Reducing highway deaths is the top priority for the new leader of the Utah Highway Patrol.

S. Duane Richens, a trooper who worked his way to second in command before retiring two years ago, said Wednesday he agreed to come back mainly because he wants to help Utahns become safer drivers."There are 20 to 27 people killed every month in Utah on the highways," he said. "I came back to see if I could alleviate some of that."

But Richens, 52, said there are few things he plans to change in the patrol. He praised the work of former superintendent Mike Chabries, who recently was hired to be Salt Lake City's chief of police.

Chabries coined a slogan advising people to drive the speed limit and "arrive alive." The slogan is direct and effective, Richens said.

Although he supports the 65 mph speed limit in rural areas, Richens said, too many drivers in Salt Lake County are trying to maintain that speed on the freeways.

"That's where we're having the problems," he said.
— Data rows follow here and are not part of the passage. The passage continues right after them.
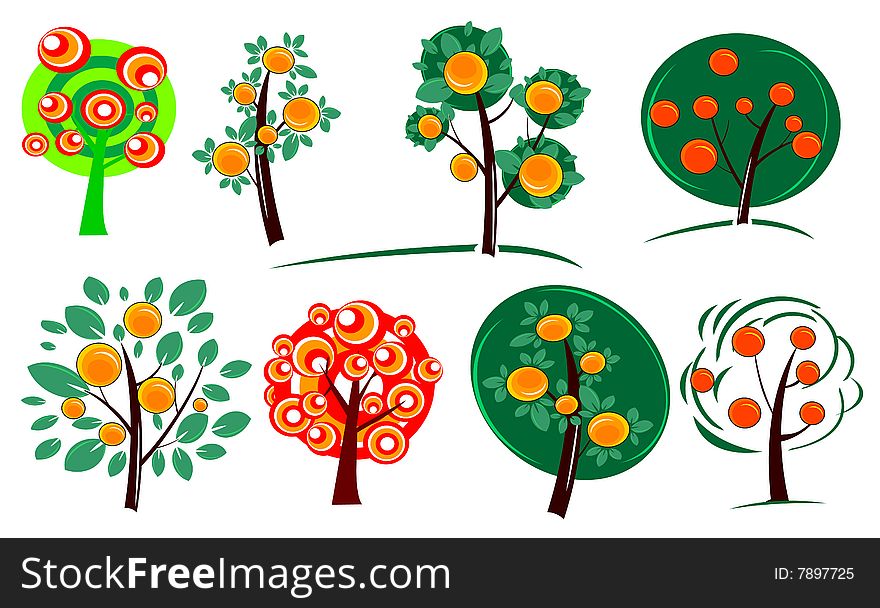 Stock photo: nature theme: an image of eight trees with fruits on them. Stock photo: nature theme: an image of eight trees with fruits on them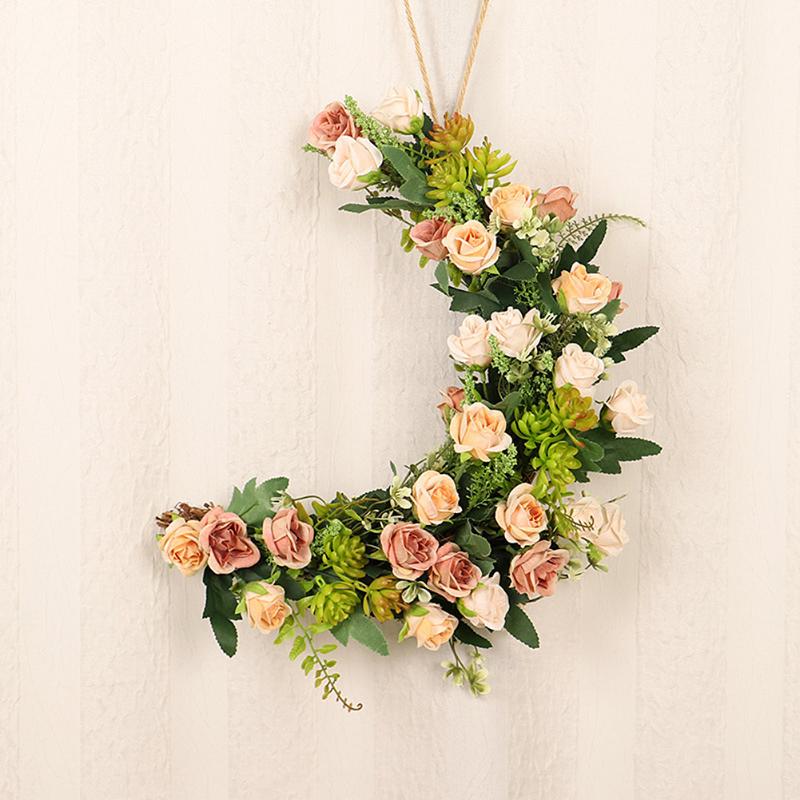 

Simulation Flower Decorative Wreaths Door Hanging Ornaments Chrysanthemum Wreath Pendant Wedding Christmas Flower Garland 1pc, 35x30cm
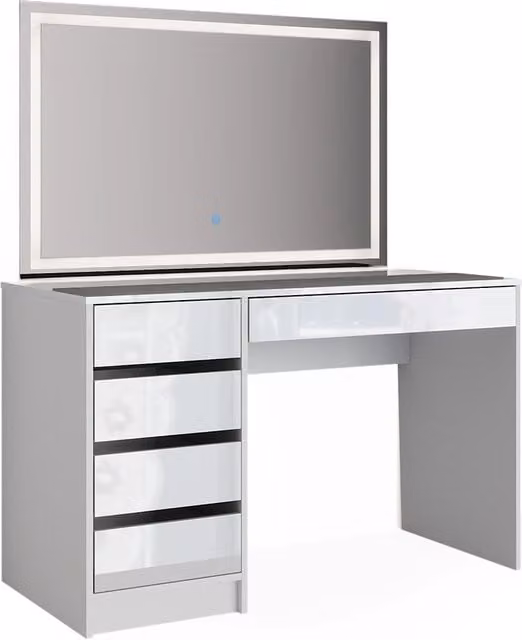 Tavolo da toeletta Sherry Bianco 120 cm con specchio a LED Vicco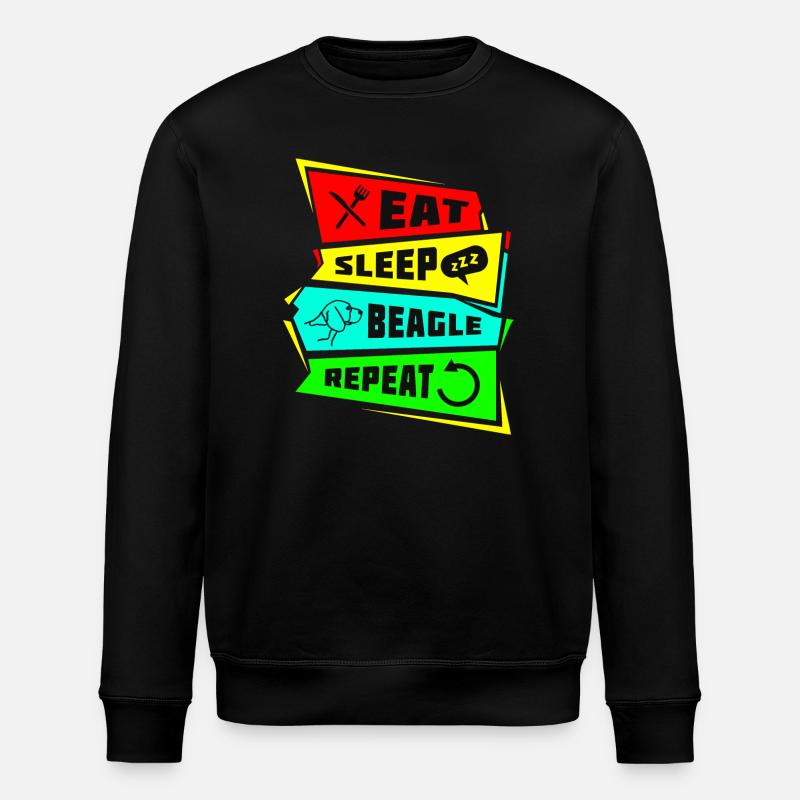 Eat Sleep Beagle Repeat - Stanley/Stella ROLLER Unisex Organic Sweatshirt - black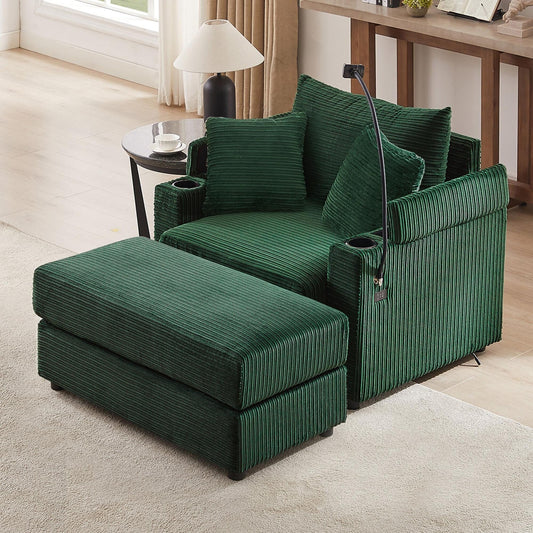 Modern Single Sofa with Movable Ottoman, Hidden Storage, USB Ports, Cup Holders and Phone Holder for Living Room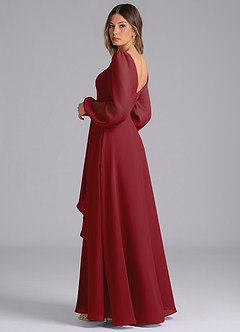 Azazie Liah Bridesmaid Dresses Pomegranate A-Line Long Sleeve Chiffon Dress image2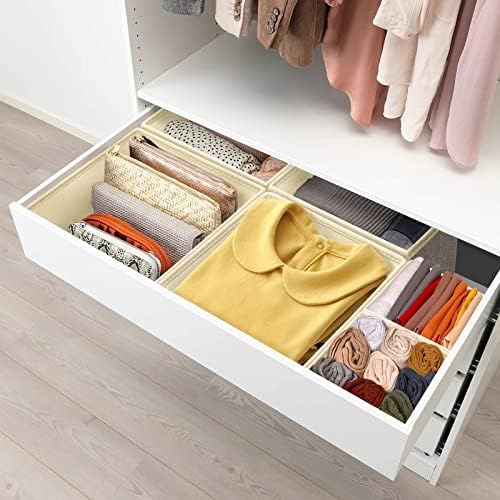 Criusia Underwear Drawer Organizer, 6 Set Foldable Underwear Drawer Organizer and Closet Dividers,Storage Box for Clothes, Socks, Underwear (6 Bins, Beige)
Richens was a lieutenant colonel two years ago when he decided to retire from the patrol. He became a communication coordinator for the Utah Department of Public Safety, where he helped consolidate police dispatching centers.

John T. Nielsen, director of public safety, praised Richens' work in combining the police and emergency dispatching responsibilities of several public safety agencies.

"He has literally worked miracles in that position," Nielsen said.

Nielsen chose Richens to head the UHP without going through a formal application process. Because Richens was retired he was collecting a pension in addition to his state salary. He now will have to suspend his retirement.

"He does this at great personal financial sacrifice to him," Nielsen said.

Richens joined the UHP as a trooper in 1960 in the Green River and Uintah Basin areas. He was promoted to sergeant in 1972, in charge of troopers in the Moab area. In 1977 he was promoted to lieutenant in charge of the training division.

One year later he was made field captain in charge of the southern half of the state, a job he held until made assistant superintendent in 1981.

Richens is married and has three children and seven grandchildren.